What you should do: Return the data below exactly, stopping after the line with "Devo G7 Smart".

━━━━━ Data provided

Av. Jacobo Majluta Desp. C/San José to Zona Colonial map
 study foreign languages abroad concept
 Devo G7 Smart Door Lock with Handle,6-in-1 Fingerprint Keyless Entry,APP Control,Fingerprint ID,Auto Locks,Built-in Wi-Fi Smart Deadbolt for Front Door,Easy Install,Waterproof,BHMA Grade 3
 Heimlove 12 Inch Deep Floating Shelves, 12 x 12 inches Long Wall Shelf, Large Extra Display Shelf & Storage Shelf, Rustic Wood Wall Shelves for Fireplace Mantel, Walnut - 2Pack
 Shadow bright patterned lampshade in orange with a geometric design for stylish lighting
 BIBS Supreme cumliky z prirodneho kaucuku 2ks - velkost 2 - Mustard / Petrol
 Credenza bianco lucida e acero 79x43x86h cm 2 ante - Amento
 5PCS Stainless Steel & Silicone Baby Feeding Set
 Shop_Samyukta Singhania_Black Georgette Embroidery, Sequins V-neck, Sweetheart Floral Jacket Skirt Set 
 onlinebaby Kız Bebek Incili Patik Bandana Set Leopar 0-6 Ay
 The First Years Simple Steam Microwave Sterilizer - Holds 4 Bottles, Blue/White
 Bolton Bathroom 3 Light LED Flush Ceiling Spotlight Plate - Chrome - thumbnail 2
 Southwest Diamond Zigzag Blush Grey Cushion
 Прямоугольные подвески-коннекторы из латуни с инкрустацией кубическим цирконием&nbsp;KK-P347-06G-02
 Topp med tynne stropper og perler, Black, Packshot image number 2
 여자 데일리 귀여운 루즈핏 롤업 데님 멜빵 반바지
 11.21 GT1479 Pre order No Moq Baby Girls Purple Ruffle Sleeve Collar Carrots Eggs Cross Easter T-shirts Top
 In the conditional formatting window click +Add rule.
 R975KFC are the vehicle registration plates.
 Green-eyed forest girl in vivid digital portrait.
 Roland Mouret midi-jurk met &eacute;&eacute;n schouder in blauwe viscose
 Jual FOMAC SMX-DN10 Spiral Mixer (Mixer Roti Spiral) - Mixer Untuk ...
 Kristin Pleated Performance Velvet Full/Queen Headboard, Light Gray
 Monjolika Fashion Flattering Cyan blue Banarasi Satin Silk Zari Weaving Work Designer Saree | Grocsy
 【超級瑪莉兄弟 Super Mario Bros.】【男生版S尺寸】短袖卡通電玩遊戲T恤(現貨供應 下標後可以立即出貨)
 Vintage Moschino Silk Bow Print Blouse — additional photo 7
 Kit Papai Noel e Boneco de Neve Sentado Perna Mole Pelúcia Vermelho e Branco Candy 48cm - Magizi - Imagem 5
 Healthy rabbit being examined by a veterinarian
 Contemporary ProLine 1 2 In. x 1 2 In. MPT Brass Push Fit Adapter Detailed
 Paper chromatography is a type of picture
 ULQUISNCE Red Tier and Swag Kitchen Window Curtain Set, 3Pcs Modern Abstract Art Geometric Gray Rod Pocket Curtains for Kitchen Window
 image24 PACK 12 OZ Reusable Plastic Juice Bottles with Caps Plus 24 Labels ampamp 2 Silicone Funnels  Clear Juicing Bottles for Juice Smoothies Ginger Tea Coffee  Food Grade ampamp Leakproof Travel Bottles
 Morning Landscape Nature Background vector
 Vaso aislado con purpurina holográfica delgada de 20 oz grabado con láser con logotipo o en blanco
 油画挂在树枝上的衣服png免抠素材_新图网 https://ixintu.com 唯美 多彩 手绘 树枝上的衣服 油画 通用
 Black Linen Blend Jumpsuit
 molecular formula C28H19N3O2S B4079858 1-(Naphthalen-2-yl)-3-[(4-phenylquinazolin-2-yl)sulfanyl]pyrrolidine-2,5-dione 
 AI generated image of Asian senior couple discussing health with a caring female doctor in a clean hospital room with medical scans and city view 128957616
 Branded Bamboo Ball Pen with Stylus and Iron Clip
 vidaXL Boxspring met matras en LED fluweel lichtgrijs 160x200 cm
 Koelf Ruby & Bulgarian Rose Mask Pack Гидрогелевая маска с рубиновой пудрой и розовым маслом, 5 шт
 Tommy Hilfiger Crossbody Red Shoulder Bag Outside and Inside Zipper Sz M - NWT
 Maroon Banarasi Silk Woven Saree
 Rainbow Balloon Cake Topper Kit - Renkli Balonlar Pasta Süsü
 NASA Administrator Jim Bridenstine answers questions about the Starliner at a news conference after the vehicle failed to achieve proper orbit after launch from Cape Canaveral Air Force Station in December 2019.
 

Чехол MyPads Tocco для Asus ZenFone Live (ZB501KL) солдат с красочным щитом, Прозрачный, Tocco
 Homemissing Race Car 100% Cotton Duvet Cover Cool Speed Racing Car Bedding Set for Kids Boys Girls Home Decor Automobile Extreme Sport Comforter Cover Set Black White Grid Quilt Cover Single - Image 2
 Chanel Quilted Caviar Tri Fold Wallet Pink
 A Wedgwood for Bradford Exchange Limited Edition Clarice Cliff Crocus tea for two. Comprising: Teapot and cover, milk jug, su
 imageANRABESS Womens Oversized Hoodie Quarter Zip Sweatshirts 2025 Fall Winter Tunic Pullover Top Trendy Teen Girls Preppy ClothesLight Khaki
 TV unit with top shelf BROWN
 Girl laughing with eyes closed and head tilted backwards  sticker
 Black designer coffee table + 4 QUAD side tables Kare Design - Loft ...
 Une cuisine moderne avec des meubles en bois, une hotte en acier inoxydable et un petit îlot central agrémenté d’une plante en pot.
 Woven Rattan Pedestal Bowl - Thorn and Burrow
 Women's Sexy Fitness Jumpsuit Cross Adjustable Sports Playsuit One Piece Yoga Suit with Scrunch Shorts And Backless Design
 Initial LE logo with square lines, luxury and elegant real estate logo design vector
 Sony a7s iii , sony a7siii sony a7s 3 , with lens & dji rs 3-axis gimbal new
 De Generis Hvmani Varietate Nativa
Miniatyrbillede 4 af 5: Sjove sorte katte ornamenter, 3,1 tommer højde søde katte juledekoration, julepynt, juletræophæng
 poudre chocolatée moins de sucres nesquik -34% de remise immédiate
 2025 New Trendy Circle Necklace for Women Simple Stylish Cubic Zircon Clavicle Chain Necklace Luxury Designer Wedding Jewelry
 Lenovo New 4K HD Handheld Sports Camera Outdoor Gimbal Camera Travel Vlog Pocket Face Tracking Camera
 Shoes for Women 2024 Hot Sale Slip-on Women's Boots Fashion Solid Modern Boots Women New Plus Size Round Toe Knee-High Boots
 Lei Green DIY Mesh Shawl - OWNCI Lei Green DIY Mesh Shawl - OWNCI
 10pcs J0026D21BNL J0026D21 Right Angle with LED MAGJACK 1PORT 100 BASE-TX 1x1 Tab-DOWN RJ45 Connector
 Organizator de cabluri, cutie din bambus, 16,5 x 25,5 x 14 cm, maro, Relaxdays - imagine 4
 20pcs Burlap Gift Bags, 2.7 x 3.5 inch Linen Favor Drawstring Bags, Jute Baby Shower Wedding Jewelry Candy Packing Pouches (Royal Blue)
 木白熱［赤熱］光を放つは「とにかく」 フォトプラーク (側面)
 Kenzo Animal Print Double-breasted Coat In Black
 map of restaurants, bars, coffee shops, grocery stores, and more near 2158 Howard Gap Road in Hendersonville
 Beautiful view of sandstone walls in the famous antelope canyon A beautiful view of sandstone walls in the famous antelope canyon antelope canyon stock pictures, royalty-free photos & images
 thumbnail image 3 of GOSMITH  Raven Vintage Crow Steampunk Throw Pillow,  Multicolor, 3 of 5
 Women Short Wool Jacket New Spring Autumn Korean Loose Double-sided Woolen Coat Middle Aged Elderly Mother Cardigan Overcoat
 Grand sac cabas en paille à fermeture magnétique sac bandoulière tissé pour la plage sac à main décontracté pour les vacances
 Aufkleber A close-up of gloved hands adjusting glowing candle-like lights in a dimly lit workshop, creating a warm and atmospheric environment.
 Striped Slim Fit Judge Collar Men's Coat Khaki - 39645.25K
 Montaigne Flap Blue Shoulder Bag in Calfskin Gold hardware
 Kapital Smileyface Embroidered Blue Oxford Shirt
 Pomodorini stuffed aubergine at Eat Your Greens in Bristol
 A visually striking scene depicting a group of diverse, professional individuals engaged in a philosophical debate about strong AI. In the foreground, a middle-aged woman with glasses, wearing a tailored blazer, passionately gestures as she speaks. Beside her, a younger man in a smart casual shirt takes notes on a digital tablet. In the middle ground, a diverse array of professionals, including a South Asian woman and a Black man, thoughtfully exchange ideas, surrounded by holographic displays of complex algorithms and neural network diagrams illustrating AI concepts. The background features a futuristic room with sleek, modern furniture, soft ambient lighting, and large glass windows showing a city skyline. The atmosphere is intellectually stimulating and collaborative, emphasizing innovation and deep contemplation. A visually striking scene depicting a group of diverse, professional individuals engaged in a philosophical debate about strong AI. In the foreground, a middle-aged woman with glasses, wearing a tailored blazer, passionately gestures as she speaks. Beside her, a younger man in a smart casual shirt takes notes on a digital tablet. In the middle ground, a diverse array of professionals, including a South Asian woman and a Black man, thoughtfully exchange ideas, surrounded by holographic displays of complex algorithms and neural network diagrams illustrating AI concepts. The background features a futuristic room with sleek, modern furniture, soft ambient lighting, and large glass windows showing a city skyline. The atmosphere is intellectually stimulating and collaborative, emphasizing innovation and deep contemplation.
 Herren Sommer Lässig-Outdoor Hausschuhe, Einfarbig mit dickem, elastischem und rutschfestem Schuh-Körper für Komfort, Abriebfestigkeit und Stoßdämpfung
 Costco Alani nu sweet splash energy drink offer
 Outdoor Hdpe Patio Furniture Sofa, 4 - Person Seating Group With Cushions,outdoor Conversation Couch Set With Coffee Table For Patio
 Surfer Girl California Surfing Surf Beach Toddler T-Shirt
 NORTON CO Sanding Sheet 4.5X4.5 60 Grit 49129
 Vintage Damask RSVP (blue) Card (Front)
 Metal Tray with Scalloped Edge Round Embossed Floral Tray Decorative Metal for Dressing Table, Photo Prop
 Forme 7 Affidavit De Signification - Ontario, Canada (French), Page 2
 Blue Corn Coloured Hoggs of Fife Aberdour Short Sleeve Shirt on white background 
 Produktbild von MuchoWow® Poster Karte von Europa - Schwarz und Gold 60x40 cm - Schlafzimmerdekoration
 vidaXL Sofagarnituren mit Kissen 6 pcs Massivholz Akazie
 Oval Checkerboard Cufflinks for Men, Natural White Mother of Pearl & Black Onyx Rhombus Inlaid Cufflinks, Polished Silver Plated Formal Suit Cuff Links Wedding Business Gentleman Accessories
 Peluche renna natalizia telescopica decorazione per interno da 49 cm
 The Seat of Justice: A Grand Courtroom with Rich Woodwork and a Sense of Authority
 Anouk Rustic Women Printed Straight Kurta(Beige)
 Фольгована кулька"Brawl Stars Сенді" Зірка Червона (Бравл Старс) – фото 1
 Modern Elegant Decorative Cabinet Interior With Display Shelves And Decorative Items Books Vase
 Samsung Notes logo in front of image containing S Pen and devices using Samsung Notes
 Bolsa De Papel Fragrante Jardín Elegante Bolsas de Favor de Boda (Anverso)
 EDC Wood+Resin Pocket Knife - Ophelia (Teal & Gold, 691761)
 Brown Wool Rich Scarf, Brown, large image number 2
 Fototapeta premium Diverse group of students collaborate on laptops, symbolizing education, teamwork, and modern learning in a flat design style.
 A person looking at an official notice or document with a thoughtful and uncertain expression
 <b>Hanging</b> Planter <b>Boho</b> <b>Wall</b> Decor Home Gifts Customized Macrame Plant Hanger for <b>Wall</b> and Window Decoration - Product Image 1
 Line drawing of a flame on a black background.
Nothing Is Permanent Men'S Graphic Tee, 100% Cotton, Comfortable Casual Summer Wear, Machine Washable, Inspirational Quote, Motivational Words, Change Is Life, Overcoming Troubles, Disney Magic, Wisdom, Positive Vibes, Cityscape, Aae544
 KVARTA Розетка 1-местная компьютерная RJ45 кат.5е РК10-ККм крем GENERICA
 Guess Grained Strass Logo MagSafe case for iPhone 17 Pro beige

━━━━━━━━━━

Result below:
Av. Jacobo Majluta Desp. C/San José to Zona Colonial map
 study foreign languages abroad concept
 Devo G7 Smart Door Lock with Handle,6-in-1 Fingerprint Keyless Entry,APP Control,Fingerprint ID,Auto Locks,Built-in Wi-Fi Smart Deadbolt for Front Door,Easy Install,Waterproof,BHMA Grade 3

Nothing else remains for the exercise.